An Individual Voluntary Arrangement (IVA) is a legally binding arrangement made between you and your creditors in which you agree to pay a proportion of your monthly income towards the debt for a fixed period of time (usually five years).
After this time, so long as you have made all your repayments as per your arrangement and upon satisfactory conclusion of the arrangement, the remainder of the debt is written off by your creditors.
Am I eligible for an IVA?
To be eligible, you would normally have unsecured debts of more than £15,000 and creditors numbering two or more.
The types of credit that can be included in an IVA include credit cards, store cards, unsecured loans, catalogue credit and overdrafts. However mortgages, secured loans and Hire Purchase agreements are excluded from an IVA.

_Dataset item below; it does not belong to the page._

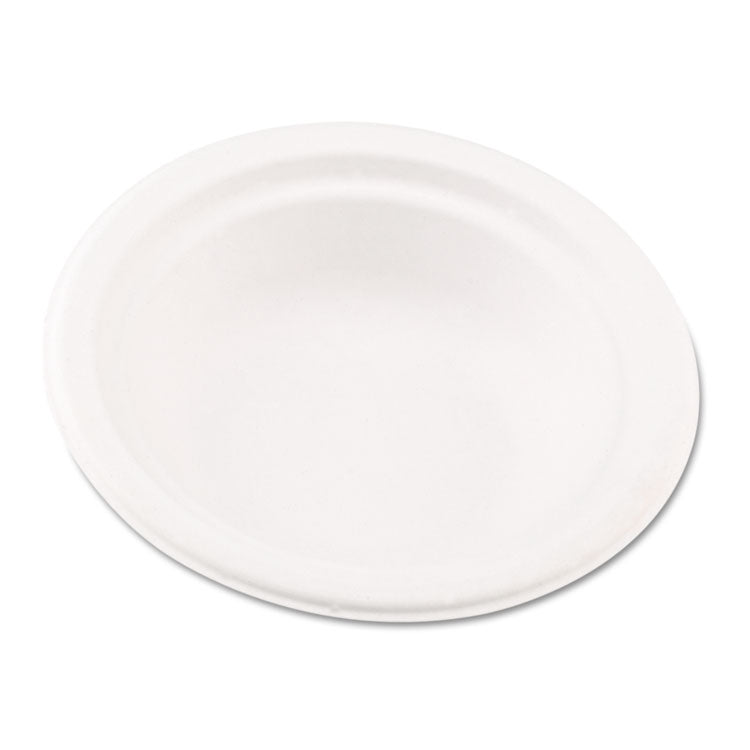 Chinet® Classic Paper Bowl, 12 oz, White, 1,000/Carton (HUH21230) Case of 1000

You should also normally be in employment, because an IVA is based on your ability to repay a certain amount of the debt each and every month.
How long does it take to set up an IVA?
This depends largely on how quickly you can gather all the information required so that we can present a repayment proposal to your creditors that is accurately based on your income and expenditure and any other relevant factors that can help explain why you’re having difficulty in repaying your debts.
Payplan’s easy-to-understand client-friendly processes mean that some people have enjoyed the peace of mind an IVA brings less than four weeks after first contacting us. It may typically take anywhere between five and eight weeks to set up an IVA, from first contact to approval.
What's the difference between a Debt Management Plan (DMP) and an IVA?
A DMP is an informal agreement made with your creditors to repay all of your debts, usually at a reduced rate, for as long as it takes until your debt is fully repaid. A DMP is not a legal agreement, so while creditors may agree to a request to freeze interest, charges and stop requests for repayment, they’re not under any legal obligation to do so.
An IVA is a legally-binding agreement that allows you to make repayments to your creditors at an affordable rate over a fixed amount of time (usually five years). Your creditors are legally obliged to freeze interest, charges and stop making requests for repayment, so long as you keep to the terms of your arrangement. Once you have made all your payments after the fixed period of time, your creditors will write off the remainder of the debt.
What are the advantages of an IVA over bankruptcy?
Arranging an IVA rather than filing for bankruptcy gives you several advantages.
You can often still hold certain public offices while in an IVA that bankruptcy would prevent you from holding; such as Member of Parliament, Justice of the Peace, governor of a school, member of a Local Authority, or a company director.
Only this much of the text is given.